** EXERCISE DESCRIPTION **
Could you reproduce, from the records below, everything from the line with "Personalized Wedding Card keeper" down to the line with "Fan in Black", keeping both of those lines and changing nothing?
===== DATA FOR REVIEW
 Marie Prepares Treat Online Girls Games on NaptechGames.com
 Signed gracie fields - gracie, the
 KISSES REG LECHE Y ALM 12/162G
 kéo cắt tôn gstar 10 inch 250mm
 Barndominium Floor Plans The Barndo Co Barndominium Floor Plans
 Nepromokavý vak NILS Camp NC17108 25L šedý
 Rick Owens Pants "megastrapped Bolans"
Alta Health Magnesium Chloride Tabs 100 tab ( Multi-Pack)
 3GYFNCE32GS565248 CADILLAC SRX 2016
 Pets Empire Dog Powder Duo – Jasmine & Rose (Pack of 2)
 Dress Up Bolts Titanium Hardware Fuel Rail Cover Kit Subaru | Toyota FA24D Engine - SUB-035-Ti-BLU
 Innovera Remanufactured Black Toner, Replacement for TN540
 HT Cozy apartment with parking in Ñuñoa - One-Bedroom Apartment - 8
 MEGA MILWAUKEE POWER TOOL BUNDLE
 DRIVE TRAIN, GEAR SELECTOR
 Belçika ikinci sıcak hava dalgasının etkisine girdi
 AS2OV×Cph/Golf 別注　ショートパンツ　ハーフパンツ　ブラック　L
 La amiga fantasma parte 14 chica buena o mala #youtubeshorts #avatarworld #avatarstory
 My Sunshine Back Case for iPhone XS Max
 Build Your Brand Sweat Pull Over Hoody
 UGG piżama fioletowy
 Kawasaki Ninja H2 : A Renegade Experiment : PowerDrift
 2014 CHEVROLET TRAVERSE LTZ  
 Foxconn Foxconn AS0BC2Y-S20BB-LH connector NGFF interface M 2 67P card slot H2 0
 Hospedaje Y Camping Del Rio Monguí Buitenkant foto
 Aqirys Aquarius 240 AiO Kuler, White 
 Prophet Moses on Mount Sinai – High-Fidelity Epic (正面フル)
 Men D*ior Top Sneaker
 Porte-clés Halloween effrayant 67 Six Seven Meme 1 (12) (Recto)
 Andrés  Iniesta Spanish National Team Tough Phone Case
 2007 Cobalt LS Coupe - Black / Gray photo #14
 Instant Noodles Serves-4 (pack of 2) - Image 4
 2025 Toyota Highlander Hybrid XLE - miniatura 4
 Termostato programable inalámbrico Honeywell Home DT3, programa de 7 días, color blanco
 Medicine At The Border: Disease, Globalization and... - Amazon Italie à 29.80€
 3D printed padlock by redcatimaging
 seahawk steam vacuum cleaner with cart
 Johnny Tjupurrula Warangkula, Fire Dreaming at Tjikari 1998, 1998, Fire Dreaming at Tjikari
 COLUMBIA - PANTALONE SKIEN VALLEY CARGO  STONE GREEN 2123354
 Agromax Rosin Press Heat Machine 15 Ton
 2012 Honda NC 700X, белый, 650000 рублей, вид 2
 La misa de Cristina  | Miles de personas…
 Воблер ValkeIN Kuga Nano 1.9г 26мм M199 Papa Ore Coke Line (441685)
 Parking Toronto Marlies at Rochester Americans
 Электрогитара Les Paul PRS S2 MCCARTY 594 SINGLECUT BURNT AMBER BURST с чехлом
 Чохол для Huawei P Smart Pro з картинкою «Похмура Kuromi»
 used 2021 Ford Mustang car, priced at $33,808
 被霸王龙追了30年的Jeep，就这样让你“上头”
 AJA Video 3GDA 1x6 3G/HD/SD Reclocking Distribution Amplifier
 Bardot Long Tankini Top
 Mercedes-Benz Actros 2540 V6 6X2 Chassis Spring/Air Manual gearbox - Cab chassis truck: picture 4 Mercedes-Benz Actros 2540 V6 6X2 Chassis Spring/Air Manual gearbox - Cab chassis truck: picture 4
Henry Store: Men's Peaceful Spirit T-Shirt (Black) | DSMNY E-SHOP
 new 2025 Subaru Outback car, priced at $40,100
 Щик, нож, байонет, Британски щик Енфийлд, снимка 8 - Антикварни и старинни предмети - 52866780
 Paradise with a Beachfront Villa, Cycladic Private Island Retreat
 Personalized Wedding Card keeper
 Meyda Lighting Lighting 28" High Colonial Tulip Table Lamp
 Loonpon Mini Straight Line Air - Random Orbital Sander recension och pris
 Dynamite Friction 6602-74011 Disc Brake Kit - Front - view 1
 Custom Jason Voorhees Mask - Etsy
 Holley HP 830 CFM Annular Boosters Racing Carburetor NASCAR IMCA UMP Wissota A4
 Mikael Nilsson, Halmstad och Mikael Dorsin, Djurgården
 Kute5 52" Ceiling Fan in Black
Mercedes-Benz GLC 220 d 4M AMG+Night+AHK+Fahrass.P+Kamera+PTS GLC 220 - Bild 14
==========
** WRITTEN RESPONSE **
 Personalized Wedding Card keeper
 Meyda Lighting Lighting 28" High Colonial Tulip Table Lamp
 Loonpon Mini Straight Line Air - Random Orbital Sander recension och pris
 Dynamite Friction 6602-74011 Disc Brake Kit - Front - view 1
 Custom Jason Voorhees Mask - Etsy
 Holley HP 830 CFM Annular Boosters Racing Carburetor NASCAR IMCA UMP Wissota A4
 Mikael Nilsson, Halmstad och Mikael Dorsin, Djurgården
 Kute5 52" Ceiling Fan in Black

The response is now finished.